Production area: La Morra
Area of production: Langhe, A hilly zone in the South of Piedmont, bordered by Liguria
Esposizione solare: South, South-East
Altitude: approx. 300 meters above sea-level
Varietal: Nebbiolo
Surface Area: 5 Hectare
Vines per Hectare: 5000
Grape Yield per Hectare: 4 tons per hectare
Bottles Produced: 1.800
Age of the Vines: Vineyards were planted in 1985
Vine Trellising System: guyot.
Vinification: Maceration on the skins for approx. 4 days in rotary fermentors with temperature control, the grapes are then pressed off the skins and alcoholic fermentation is completed in steel tanks(approx. 20 days). After primary fermentation the wine is put in french barriques, 80% new and 20% used, where it undergoes malolactic fermentation at a temperature of approx. 20° C for about two months. The wine remains in barrique for a total of 24 months, afterwards it is put in stainless steel tanks for approximately two months to settle and then bottled without fining and filtration
Color: Ruby red with garnet reflections
Nose: Evident smells of wild roses and red fruits, very complex and well-balanced. The particular structure is given by the low yield of grapes per hectare that permits the integration of the new oak aromas and pleasing spices while maintaining the freshness and the fruit.
Vintages: 1999, 1997 and 1996 are well-structured and full-bodied. A little more elegant are the 1998 and 2000, which is particularly harmonious and enjoyable for drinking. In 2002 we didn’t produce Arborina because a hailstorm compromised our standard of quality for this Cru.
Serving Suggestions: Red meat, medium aged cheeses, and also richer fish and crustaceans. .

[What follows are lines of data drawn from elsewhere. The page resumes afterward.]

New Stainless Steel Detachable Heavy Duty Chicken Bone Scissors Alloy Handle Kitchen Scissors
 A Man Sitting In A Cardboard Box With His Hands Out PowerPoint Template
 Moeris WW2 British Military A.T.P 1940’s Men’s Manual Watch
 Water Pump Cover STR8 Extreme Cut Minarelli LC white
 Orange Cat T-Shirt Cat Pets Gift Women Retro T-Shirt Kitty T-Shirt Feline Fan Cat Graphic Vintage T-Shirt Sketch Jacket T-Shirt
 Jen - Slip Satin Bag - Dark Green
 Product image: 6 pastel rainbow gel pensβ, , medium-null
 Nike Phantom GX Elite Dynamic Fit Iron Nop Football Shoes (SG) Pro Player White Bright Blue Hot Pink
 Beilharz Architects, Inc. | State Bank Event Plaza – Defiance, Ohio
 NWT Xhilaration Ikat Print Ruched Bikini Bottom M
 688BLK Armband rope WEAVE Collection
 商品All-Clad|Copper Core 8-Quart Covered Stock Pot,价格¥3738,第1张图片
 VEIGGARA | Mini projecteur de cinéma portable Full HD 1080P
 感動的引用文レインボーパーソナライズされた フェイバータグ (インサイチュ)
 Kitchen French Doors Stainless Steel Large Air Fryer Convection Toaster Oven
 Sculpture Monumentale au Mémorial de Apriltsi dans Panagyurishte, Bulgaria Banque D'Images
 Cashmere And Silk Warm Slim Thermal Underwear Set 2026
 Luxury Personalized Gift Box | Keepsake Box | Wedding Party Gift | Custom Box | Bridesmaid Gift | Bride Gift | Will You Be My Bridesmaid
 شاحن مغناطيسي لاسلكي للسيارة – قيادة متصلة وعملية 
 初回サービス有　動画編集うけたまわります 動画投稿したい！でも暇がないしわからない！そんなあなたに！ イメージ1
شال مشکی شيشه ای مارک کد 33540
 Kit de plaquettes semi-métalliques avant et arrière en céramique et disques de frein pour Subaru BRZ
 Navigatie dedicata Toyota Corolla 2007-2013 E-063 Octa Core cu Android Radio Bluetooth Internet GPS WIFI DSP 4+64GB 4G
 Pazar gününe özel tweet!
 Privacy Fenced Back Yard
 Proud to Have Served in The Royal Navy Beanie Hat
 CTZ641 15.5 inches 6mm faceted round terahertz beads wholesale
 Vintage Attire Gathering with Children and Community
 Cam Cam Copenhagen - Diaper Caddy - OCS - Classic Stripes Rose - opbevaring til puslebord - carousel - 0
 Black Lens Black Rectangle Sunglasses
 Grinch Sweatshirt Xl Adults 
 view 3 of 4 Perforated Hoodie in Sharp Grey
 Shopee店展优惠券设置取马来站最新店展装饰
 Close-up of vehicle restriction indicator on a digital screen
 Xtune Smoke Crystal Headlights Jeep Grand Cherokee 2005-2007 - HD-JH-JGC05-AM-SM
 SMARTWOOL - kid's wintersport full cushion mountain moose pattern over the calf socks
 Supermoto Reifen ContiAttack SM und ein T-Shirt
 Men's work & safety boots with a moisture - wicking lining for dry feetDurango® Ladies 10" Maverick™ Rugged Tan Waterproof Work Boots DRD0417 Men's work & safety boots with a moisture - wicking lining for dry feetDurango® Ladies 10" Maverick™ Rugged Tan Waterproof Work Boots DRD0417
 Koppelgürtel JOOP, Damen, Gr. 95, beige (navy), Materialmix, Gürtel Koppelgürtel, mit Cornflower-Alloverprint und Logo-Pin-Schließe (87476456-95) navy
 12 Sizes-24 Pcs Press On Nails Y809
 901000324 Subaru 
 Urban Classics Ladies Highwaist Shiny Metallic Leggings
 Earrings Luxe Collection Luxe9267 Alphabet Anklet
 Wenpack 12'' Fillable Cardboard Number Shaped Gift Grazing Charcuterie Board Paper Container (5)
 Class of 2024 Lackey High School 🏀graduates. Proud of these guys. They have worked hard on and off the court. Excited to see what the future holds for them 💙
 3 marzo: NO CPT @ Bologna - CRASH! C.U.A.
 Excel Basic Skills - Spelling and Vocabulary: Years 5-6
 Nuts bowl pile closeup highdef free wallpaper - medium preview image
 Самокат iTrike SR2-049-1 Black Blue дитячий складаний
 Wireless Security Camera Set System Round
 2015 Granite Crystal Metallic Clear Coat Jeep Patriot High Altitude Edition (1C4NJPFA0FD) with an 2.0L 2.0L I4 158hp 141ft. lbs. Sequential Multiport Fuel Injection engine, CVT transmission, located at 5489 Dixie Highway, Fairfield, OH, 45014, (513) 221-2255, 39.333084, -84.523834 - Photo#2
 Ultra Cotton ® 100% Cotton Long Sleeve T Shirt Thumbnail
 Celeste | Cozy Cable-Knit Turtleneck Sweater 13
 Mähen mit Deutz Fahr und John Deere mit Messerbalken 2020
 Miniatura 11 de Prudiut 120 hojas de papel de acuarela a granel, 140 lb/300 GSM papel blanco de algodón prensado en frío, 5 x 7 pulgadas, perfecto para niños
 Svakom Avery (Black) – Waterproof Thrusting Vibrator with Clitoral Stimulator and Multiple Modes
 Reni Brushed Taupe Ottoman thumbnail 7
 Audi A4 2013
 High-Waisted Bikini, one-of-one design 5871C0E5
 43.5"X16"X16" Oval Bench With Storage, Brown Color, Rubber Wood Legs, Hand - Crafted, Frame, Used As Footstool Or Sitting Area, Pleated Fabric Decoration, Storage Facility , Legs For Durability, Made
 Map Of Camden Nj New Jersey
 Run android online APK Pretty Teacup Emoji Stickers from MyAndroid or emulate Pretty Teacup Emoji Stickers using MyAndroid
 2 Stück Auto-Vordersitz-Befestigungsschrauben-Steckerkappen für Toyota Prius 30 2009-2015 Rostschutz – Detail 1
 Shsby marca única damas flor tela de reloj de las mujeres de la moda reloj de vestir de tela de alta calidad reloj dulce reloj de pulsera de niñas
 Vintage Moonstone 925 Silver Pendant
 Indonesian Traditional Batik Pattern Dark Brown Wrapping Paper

Recommended Temperature: 17°-18° C. It is enjoyable to appreciate the initial freshness and experience the evolution of the wine as it warms up in the glass.
Tasting Notes: When the wine first enters the market it is fresh and a little austere, but still harmonious and balanced. With time the wine softens a little, but maintains the initial character for many years, particularly if stored in an ambient place that is fresh and humid without temperature variations. Vigneto Rocche, in particular, is well-balanced upon release because of the refinement in new oak that creates an earlier softness.